Branching
The Basics
Creating and Merging Branches (YouTube video)
Gitflow Branching
At B&R we follow the Gitflow branch strategy:
- Two long-living branches:
- main
- Officially released code
- As bug-free as possible
- Each merge into main must be tagged with a version number
- There is only 1 instance of the main branch, and it is never deleted
- develop
- Integration branch for new features
- Latest development version ready for testing (may contain bugs)
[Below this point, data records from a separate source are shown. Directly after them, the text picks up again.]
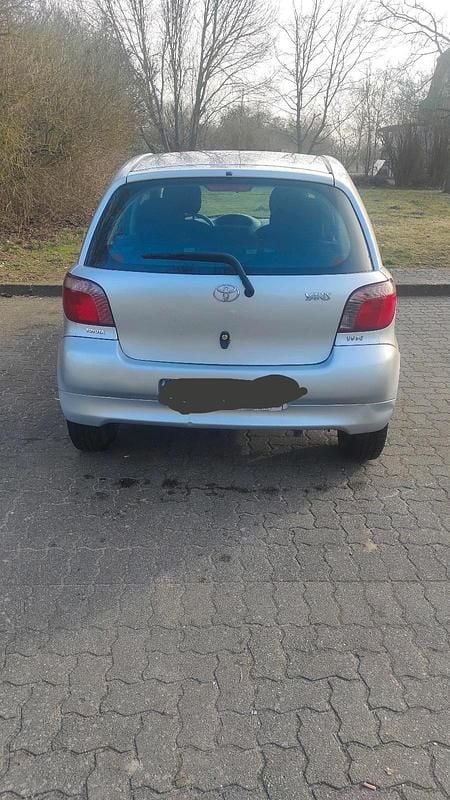 Gebraucht Toyota Yaris 2002 Silber Kleinwagen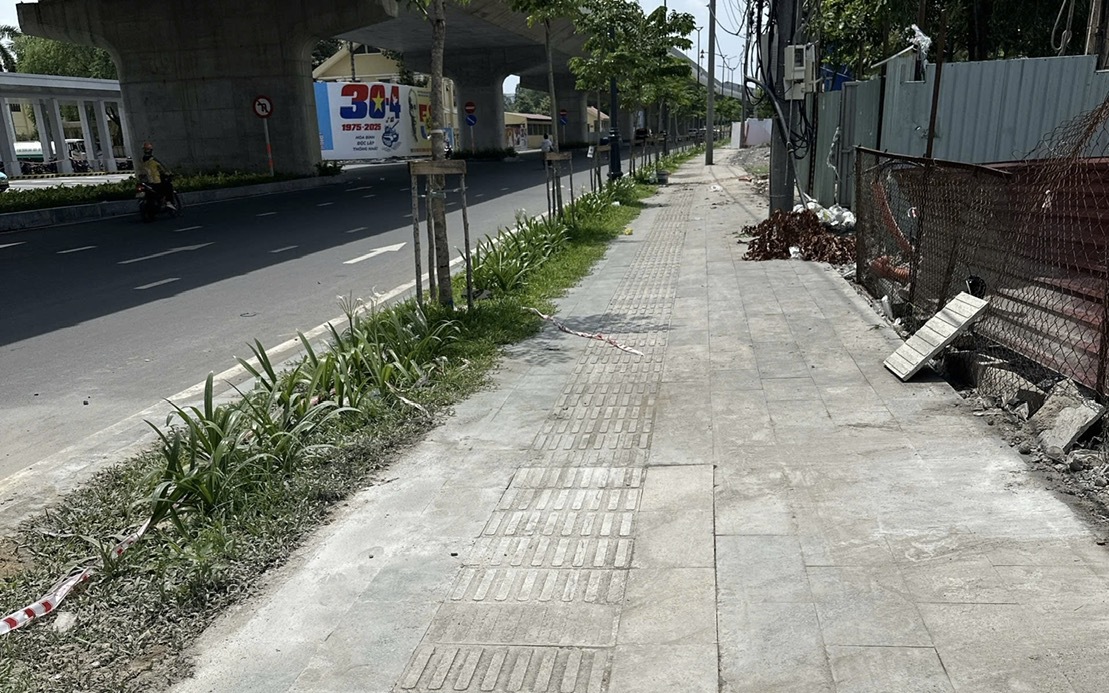 Đã khắc phục xong vỉa hè sụt lún trên đường dẫn vào Nhà ga T3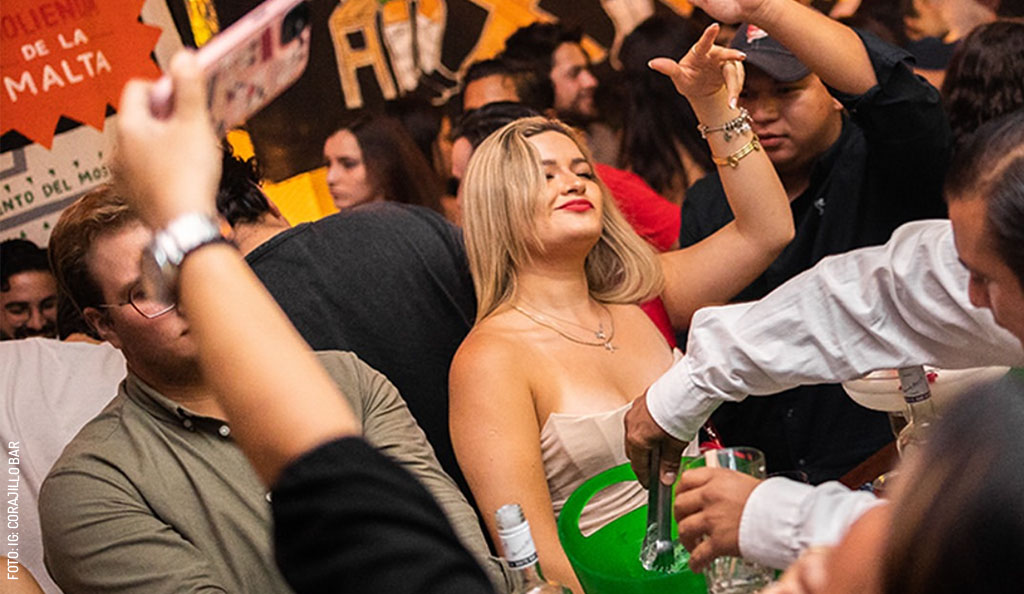 Corajillo-bar-ambiente-by-IG-Corajillo-bar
- Should compile and run on real hardware
- There is only 1 instance of the develop branch, and it is never deleted
- Create a release branch from the develop branch once you are ready to prep for release
- main
- Supporting branches (temporary):
- feature
- Used for developing new features
- Several feature branches can exist simultaneously
- Can be both local and remote
- Useful anytime you expect to commit multiple times for one particular feature, even if the feature is completed within a short period of time
- Merged back into develop after the feature has been reviewed and it is ready for integration testing. Then the branch is deleted.
- release
- branched from develop once all planned bugs/features are merged for the next release
- Only used for bug fixes, documentation, and other release oriented tasks (no new features)
- Merged back into main and develop once testing is complete and discovered bugs are fixed. Then the branch is deleted.
- hotfix
- Branched from main when critical bug found in production that must be solved immediately
- Used to develop critical bugfixes
- Merged back into main and develop. Then the branch is deleted.
- feature
Manual vs Git-flow
You can use the icons at the top of Sourcetree to manually branch and merge according to the strategy previously described.
Alternatively, you can use the Git-flow icon in the top right. Git-flow guides you to follow the branching strategy with a simple GUI. This is the recommended method.
Git-flow
When you first launch Git-flow, you must initialize the repo for Git-flow. Remember to change the production branch name to "main" ("master" is the default value).
After initialization, click the "Git-flow" icon again to start a new action.
As application engineers, you will typically select the "Start New Feature" action. The project lead will start the release or hotfixes.
Git-flow Feature
When you start a new feature, give it a name and then confirm that it starts at the "develop" branch.
Commit and push to your feature branch as needed during development.
Execute a code review (more on this later).